### Exercise
Please give the records below again in full, exactly, with the images left out.

(Pictures with short captions)
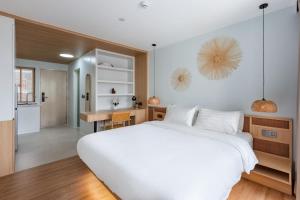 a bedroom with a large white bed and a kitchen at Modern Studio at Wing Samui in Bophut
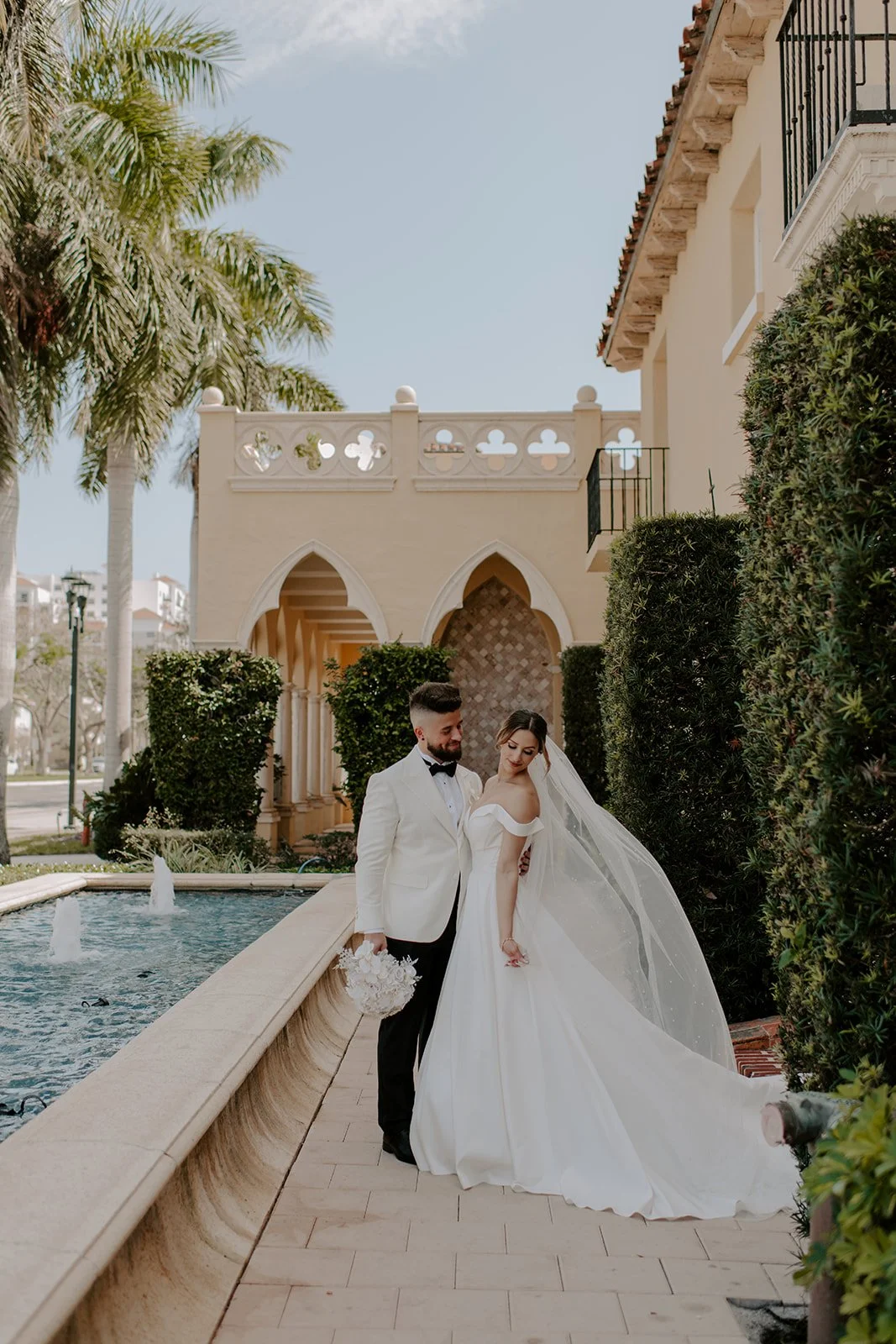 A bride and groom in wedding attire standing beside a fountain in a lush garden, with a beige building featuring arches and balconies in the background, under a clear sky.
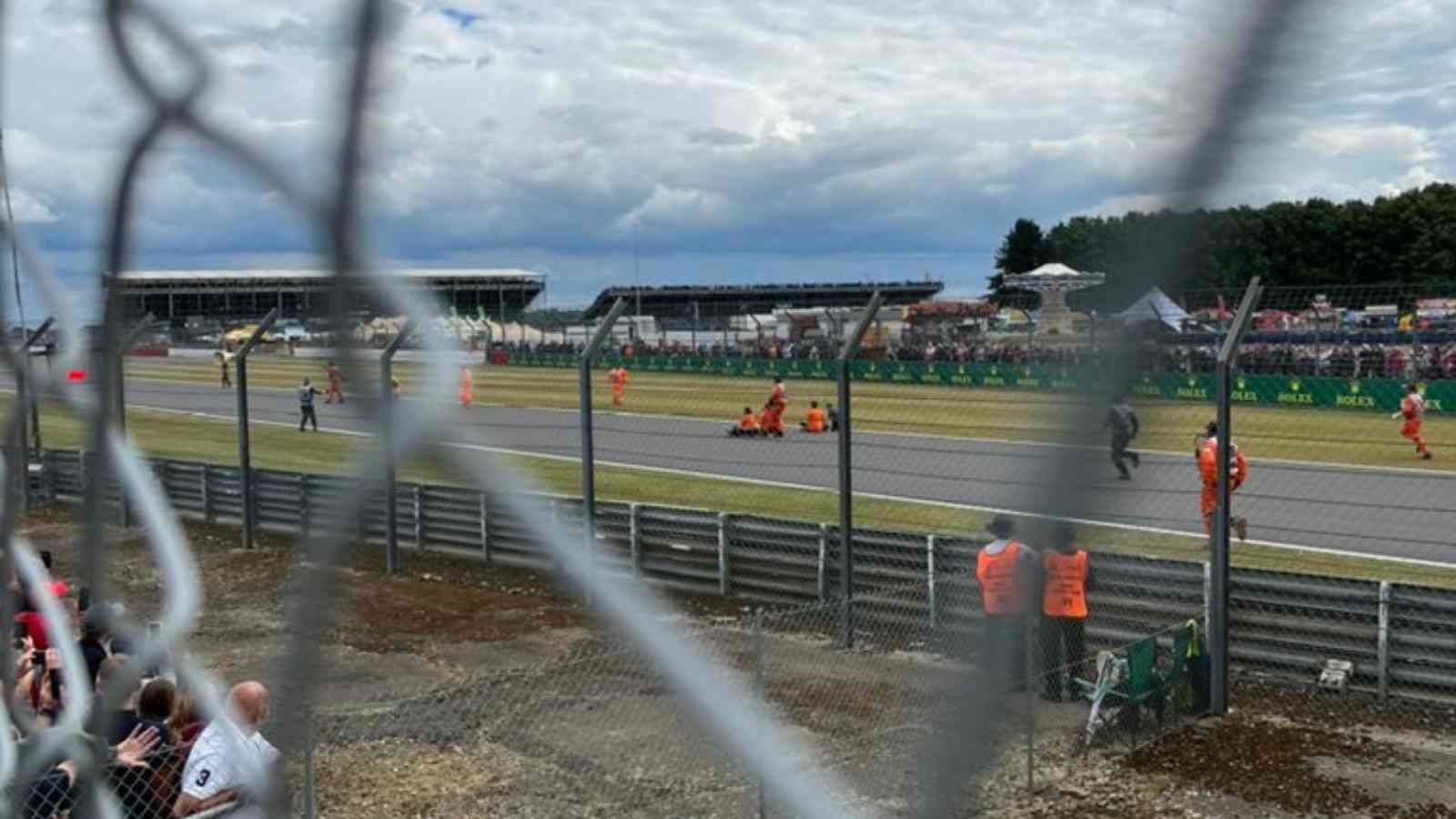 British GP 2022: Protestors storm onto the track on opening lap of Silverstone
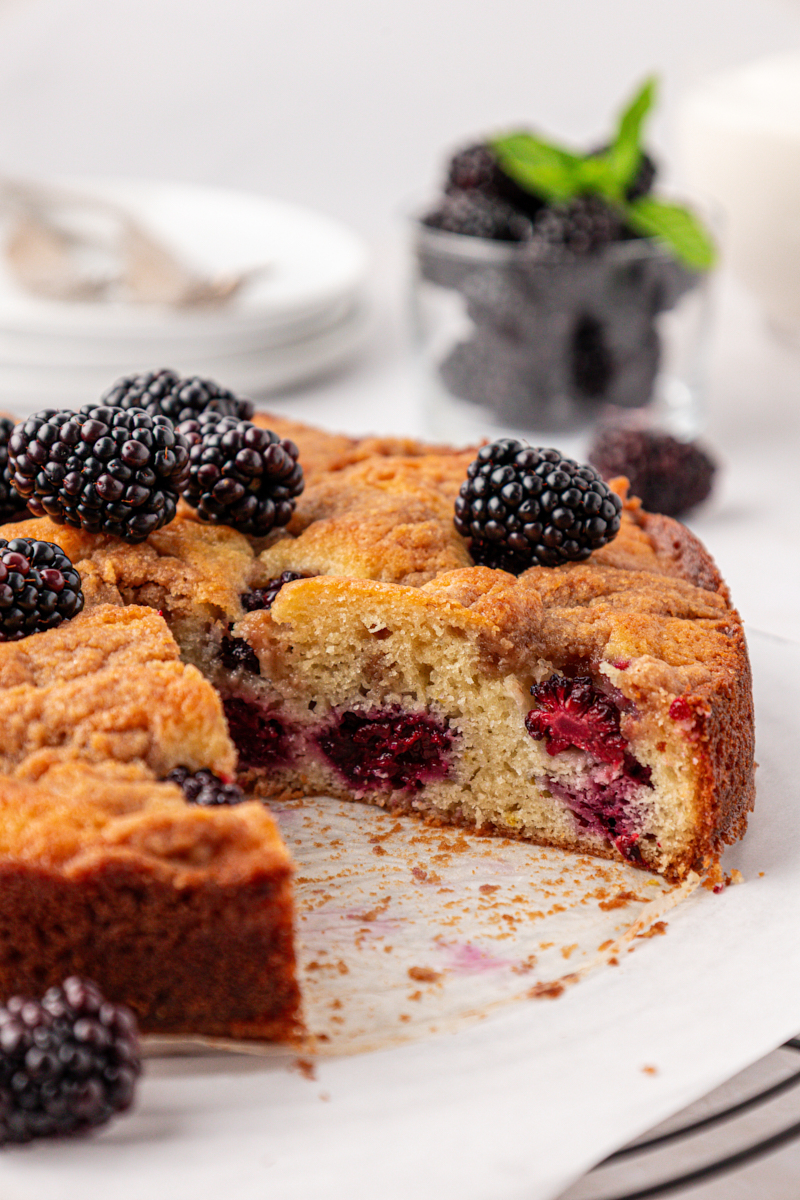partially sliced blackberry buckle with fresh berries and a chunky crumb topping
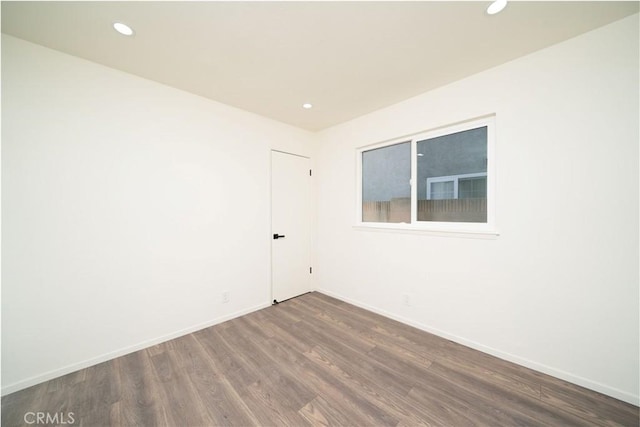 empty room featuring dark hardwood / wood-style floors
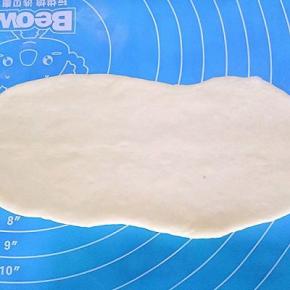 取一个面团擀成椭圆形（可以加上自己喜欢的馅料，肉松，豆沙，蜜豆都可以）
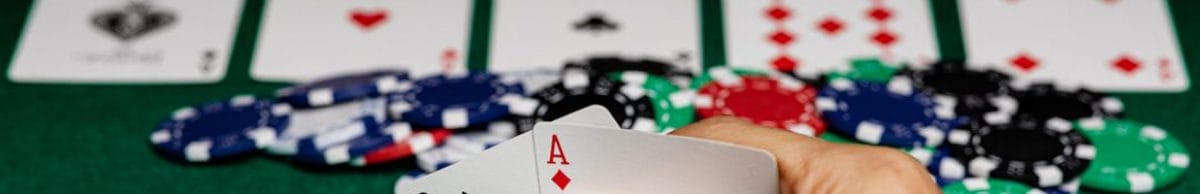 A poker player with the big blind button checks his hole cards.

### Exercise answer
 a bedroom with a large white bed and a kitchen at Modern Studio at Wing Samui in Bophut
 A bride and groom in wedding attire standing beside a fountain in a lush garden, with a beige building featuring arches and balconies in the background, under a clear sky.
 British GP 2022: Protestors storm onto the track on opening lap of Silverstone
partially sliced blackberry buckle with fresh berries and a chunky crumb topping
 empty room featuring dark hardwood / wood-style floors
 取一个面团擀成椭圆形（可以加上自己喜欢的馅料，肉松，豆沙，蜜豆都可以）
 A poker player with the big blind button checks his hole cards.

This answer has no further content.